Further support came courtesy of a July 16 report by the Switzerland-based Financial Stability Board (FSB), which concluded that, “like crypto-assets in general, crypto-asset platforms do not pose global financial stability risks.” Trading platforms include Coinbase – the most popular by far – Bitfinex, Kraken, and many others.
From its low of $5,850 in late May, bitcoin was up nearly 44 percent on June 24 before pulling back on the Securities and Exchange Commission’s (SEC) decision not to approve a bitcoin ETF filed by Cameron and Tyler Winklevoss. (It was back above $8,000 on Friday.) I believe bitcoin’s fundamentals are lining up for a significant move higher, its price having already broken sharply above the 50-day moving average.
Keep in mind, though, that we’re still very early in crypto investing. It was only 10 years ago that the mysterious Satoshi Nakamoto wrote the now-famous whitepaper that led to the creation of bitcoin. Volatility is still roughly six times as high as large-cap stocks and gold in a single trading session and 11 times as high in the 10-day period. As I told Market One Media recently, the space remains speculative, but there are opportunities for tremendous upside.
Bitcoin’s Hash Rate Is Telling a Bullish Story
Among the most bullish signs is bitcoin’s rapidly surging hash rate. In simple terms, a “hash” is a calculation made by a bitcoin miner in an attempt to secure a block reward, which currently sits at 12.5 bitcoin per block. (The reward automatically halves every 210,000 blocks. At the present mining rate, the next halving is estimated to occur in May 2020, after which the reward will drop to 6.25 coins.) The “hash rate,” then, is how many calculations are made per second across the globe. It generally reflects the pace at which new miners are joining the network.
Every 10 minutes on average, a new block is mined, meaning 1,800 bitcoin – or $14.8 million at today’s prices – are created every day of the week. Blockchain technology, remember, guarantees the validity of these new virgin coins. Imagine if stock trading were as quick, efficient, and worry-free as crypto-mining. You can see now why JPMorgan (NYSE:JPM), Citigroup (NYSE:C), Bank of America (NYSE:BAC), and other big banks are rushing to patent blockchain processing systems of their own.

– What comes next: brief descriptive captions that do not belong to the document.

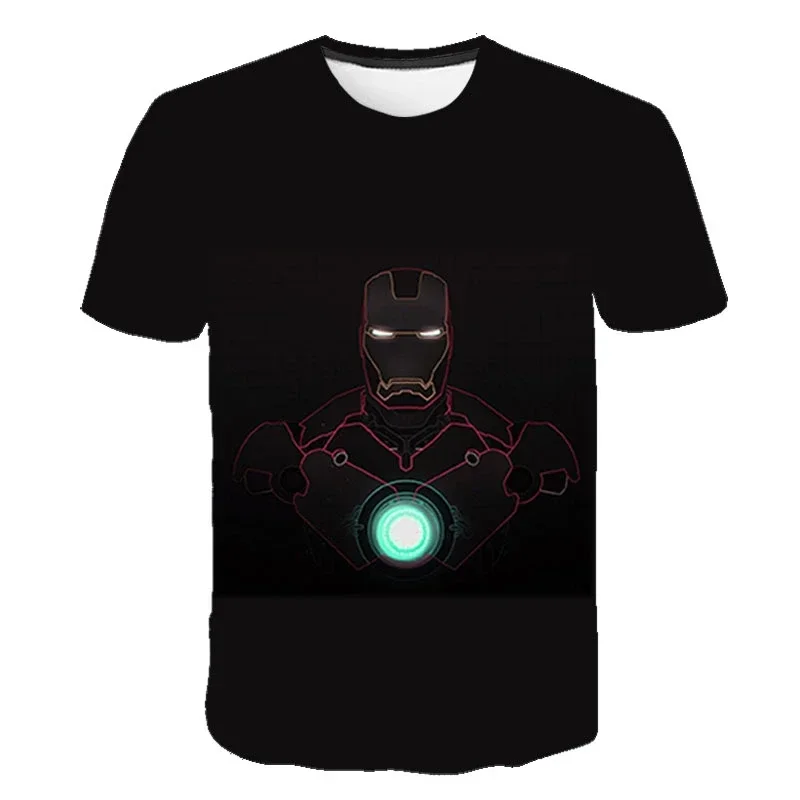 Disney-camisetas informales de película de Iron Man para niños y niñas, camisetas 3D de manga corta con gráfico Harajuku, ropa de dibujos animados, 2024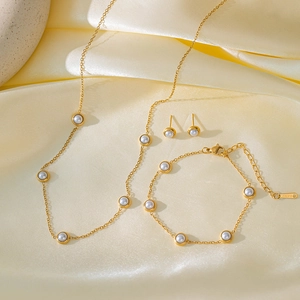 Elegante Roestvrij Staal Imitatieparels Halsketting Armband Oorbellen Sieraden Koreaanse Minimalistische Stijl Dames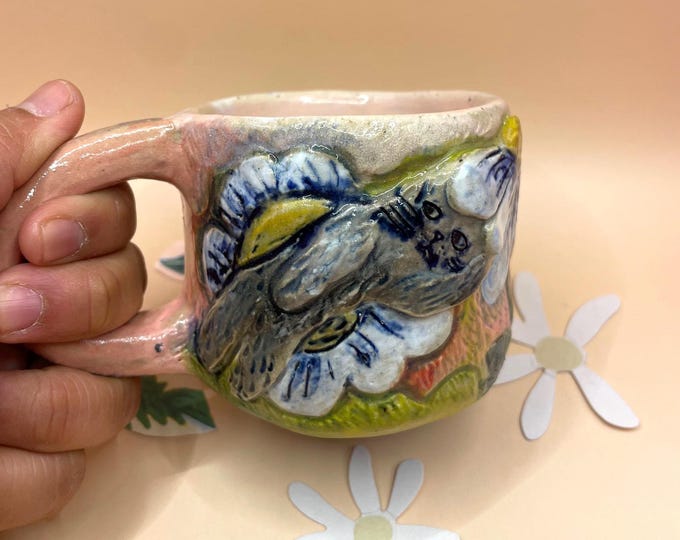 Handmade Daisy Cat Mug: Funny Stoneware Coffee Cup, 180ml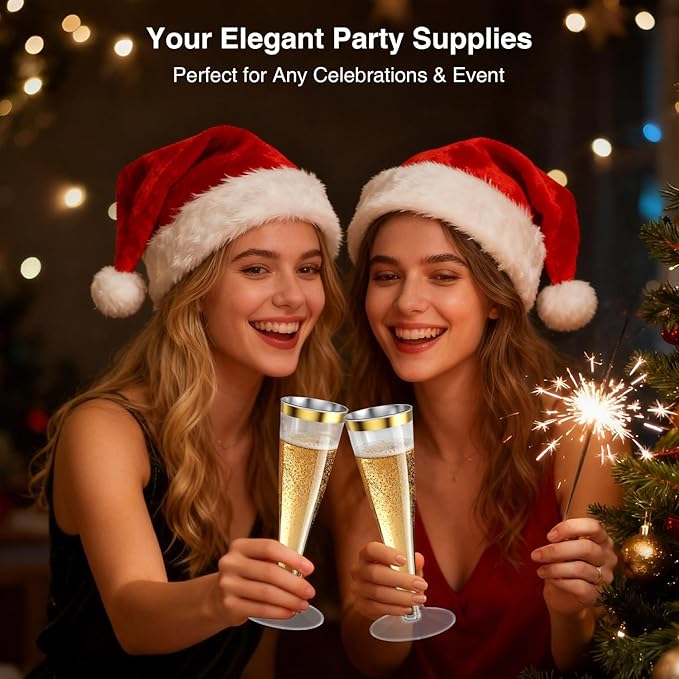 100 Pack Champagne Flutes Plastic Wine Glasses Disposable, 4.5 Oz Gold Rim Mimosa Glasses for 2025 Engagement Wedding Birthday New Years Eve Xmas Party Supplies, Bulk Toasting Cocktail Cups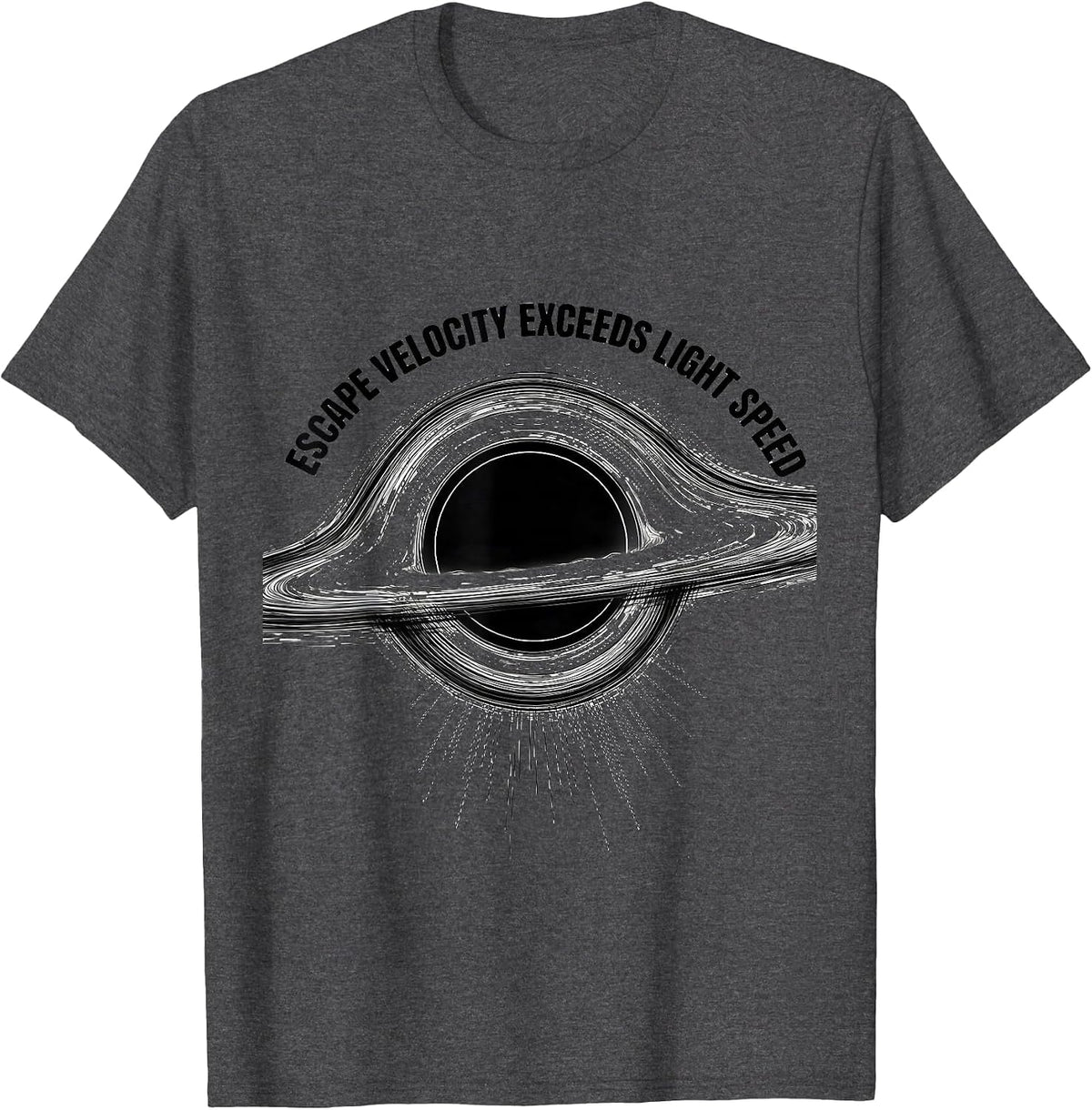 Men's Escape Velocity Exceeds Light Speed Astrophysics Science T-Shirt - Dark Heather Grey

Look at the chart below. The bitcoin hash rate has continued to grow at an astonishing pace despite the selloff, suggesting miners are still very bullish on future prices.
In July, the number of operations passed above 45 trillion per second for the first time ever. That’s a more than sixfold increase in power from only a year ago. It also signifies a huge recovery after extensive flooding in Sichuan, China knocked out significant amounts of hashing power earlier in the month.
Mining Doesn’t Consume as Much Power as Previously Thought
Speaking of bitcoin mining power, critics often like to point out how much electricity the network consumes, in an effort to turn public opinion against the industry. To be sure, mining bitcoin and other cryptocurrencies requires a lot of energy, but the figures you might have seen are highly exaggerated. Some sources claim that industry demand stands at 65 terawatts per hour (TWh), or 65 trillion watts per hour, on an annualized basis. But a more accurate estimate is closer to 35 TWh, “less than the annual energy consumption of Luxembourg, a country of 585,000 people,” according to CoinShares Research analysts Christopher Bendiksen and Samuel Gibbons.
How did Bendiksen and Gibbons arrive at this figure, and why is it so drastically lower than other estimates? The analysts point out that hardware efficiency is nearly doubling every year (81 percent), while the cost of hardware is almost cut in half on an annual basis (-48 percent). This means miners are increasingly able to do much more for much less. Miners also prefer to operate in colder climates, which lower cooling costs, and they largely rely on cheap green energy. This is part of what attracted me to HIVE Blockchain Technology, which conducts most of its business in Iceland and Sweden.
“Our total findings suggest that the bitcoin mining industry is relatively healthy, profitable and continues to grow at breakneck speeds,” Bendiksen and Gibbons write. “The hash rate is tripling on an annual basis while the efficiency of the hardware is rapidly increasing and costs are coming down.”
You Can Now Trade Crypto Securities on Coinbase. When Will We Get an ETF?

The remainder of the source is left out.